How It Works in Practice
You have a Notion template, a Figma file, a Google Drive folder, or any other URL. Instead of sharing it directly, you create a paywall link that wraps it. When someone opens the paywall link, they see a payment form. After paying via Stripe, the original URL is revealed, either shown on screen or sent to their email within 30 seconds.
The content URL stays private until payment confirms. The paywall link is what you share publicly. That's the entire mechanism.
unseal.link creates paywall links. You paste your URL, set a price, and get a shareable unseal.link/l/your-product link in under 60 seconds. The 4.5% platform fee is deducted per sale. No monthly costs, no file uploads required.
What Can Go Behind a Paywall Link
Anything with an HTTPS URL. Notion pages. Figma files. Google Drive files and folders (PDFs, spreadsheets, videos, ZIPs, entire course libraries). Canva template links. GitHub release downloads. Discord server invite links. Slack workspace invites. Loom videos. Dropbox files. Any URL that gives access to content when opened.

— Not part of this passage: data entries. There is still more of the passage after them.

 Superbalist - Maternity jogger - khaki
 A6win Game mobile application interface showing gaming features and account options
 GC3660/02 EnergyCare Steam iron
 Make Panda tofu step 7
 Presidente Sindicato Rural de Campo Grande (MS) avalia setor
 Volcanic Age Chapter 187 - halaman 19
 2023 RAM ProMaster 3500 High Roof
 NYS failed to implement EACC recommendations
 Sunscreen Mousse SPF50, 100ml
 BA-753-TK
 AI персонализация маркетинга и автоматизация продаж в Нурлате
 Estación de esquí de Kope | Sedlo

The only requirement is that the URL is accessible to anyone who has it; no login wall on the destination itself. (A Stripe checkout flow on the paywall is fine; a second login prompt on the content side creates unnecessary friction for buyers.)
Who Uses Paywall Links
Notion template creators who want to charge for their systems without setting up a full storefront. Figma designers selling UI kits and components since Figma's marketplace closed to new individual sellers in late 2023. Developers selling boilerplates and starter kits directly from their repos. Freelancers gating final deliverable files until payment clears, eliminating the structural possibility of getting ghosted. Community builders selling Discord or Slack access. Educators selling course video folders hosted in Google Drive.

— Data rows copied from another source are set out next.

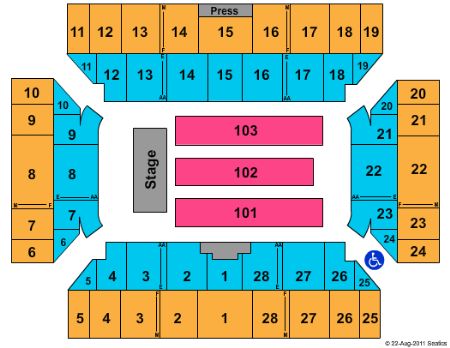 Broome County Veterans Memorial Arena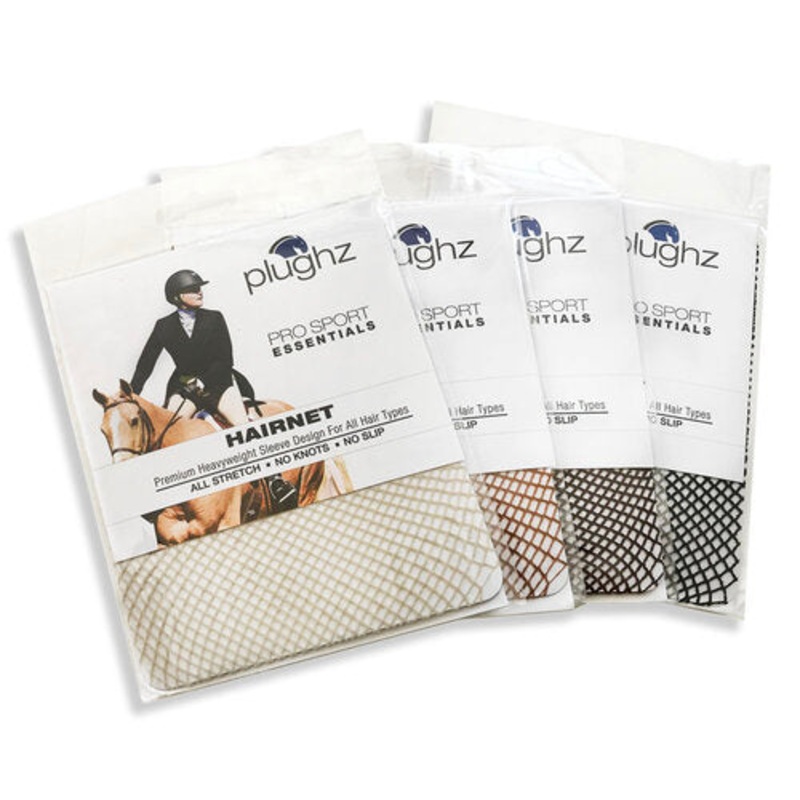 Plughz ProSport Hair Net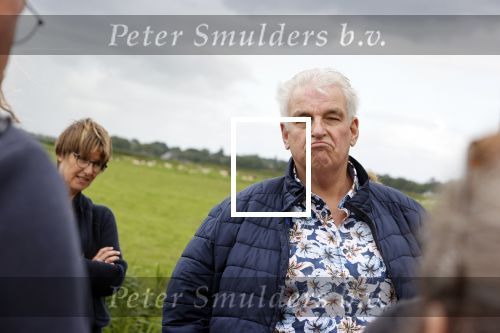 Zunderdorp 27 augustus 2021
Boer Geert Jan en Boer Geert zijn bij demonstratie om land te mogen behouden.
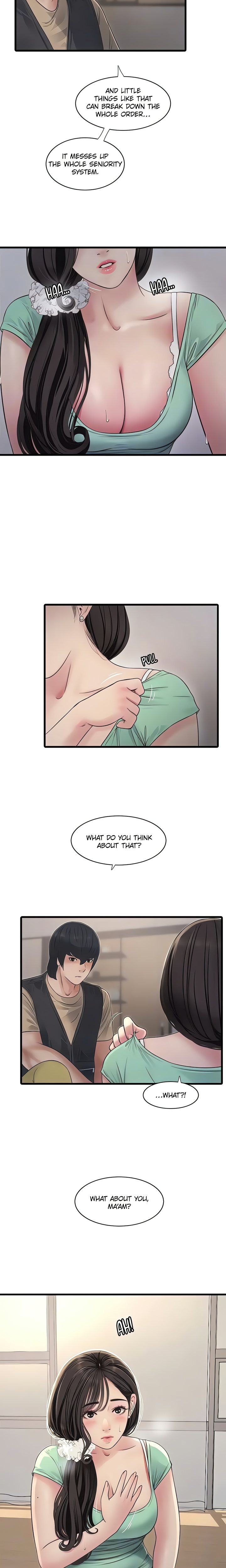 The Hole Diary - Chapter 100 - picture 7
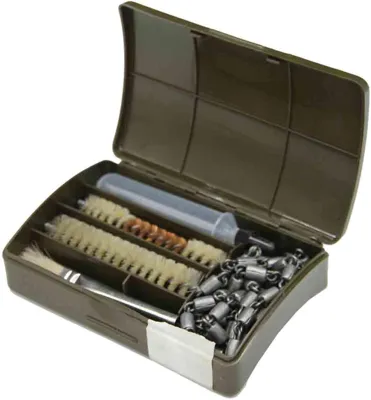 Reinigungsset Bundeswehr (Für HKG3 Mit 7,62 mm Oder HKG36 Mit 5,56 mm) - Kurt24
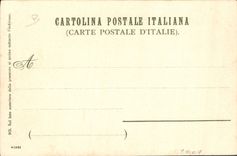 CPA Italie Illustrateur Alassio 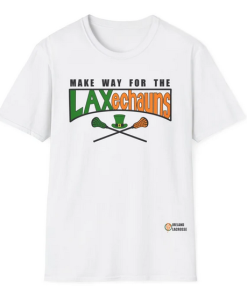 LAXECHAUNS T-shirt AL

The common thread is: these people have content at a URL, and they need a payment mechanism that's simpler than building a checkout flow or using a platform that requires file uploads.
The Difference Between a Paywall Link and a Payment Link
This comes up often. Stripe Payment Links is a payment tool; it processes a charge and sends a receipt. It does nothing with content delivery.

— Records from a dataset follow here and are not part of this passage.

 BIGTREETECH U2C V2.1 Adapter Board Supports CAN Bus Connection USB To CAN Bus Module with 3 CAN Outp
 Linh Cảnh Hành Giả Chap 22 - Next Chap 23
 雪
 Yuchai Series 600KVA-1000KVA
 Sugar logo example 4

A paywall link processes a payment and delivers access to content. The payment is the key; the content is the door. If you used Stripe Payment Links to sell a Notion template, you'd still need to manually email the template link to every buyer. A paywall link automates that delivery entirely.
How the Delivery Works Technically
When a buyer completes payment, Stripe fires a checkout.session.completed webhook to unseal.link's server. Our server receives the webhook, verifies the payment signature, and triggers the transactional email with the original content URL. The email arrives within 30 seconds in the vast majority of cases; we track this at the 99th percentile.
The original URL is never exposed in the HTML or JavaScript of the paywall page. It only travels over the authenticated server-to-email path after payment confirmation. A buyer can't view-source their way to the content without paying.
Paywall Link vs. Full Platform
A paywall link is the right tool when you have a URL and want to charge for it quickly. A full platform (Gumroad, Lemon Squeezy, Payhip) is the right tool when you want marketplace discovery, a full product catalog with custom design, subscription billing, or file hosting built in.
For 1-5 products where you have your own distribution: paywall links win on simplicity and fees. For 20+ products where discovery is the primary challenge: a full platform's marketplace traffic might justify the higher fee.
FAQs
Is a "paid link" the same thing as a paywall link?
Effectively yes. "Paid link," "paywall link," and "gated link" all describe the same concept: a URL that requires payment before revealing content. We use "paid link" and "paywall link" interchangeably.
What happens if someone shares the paywall link without paying?
They share the paywall link, which is your public-facing URL. When anyone opens it, they see the payment form. The content URL is never revealed to non-payers regardless of who shares the paywall link.
Can I set a time limit on access after payment?
Not currently. Access is permanent once granted. Future versions will support expiring links for time-limited access like event recordings or time-sensitive reports.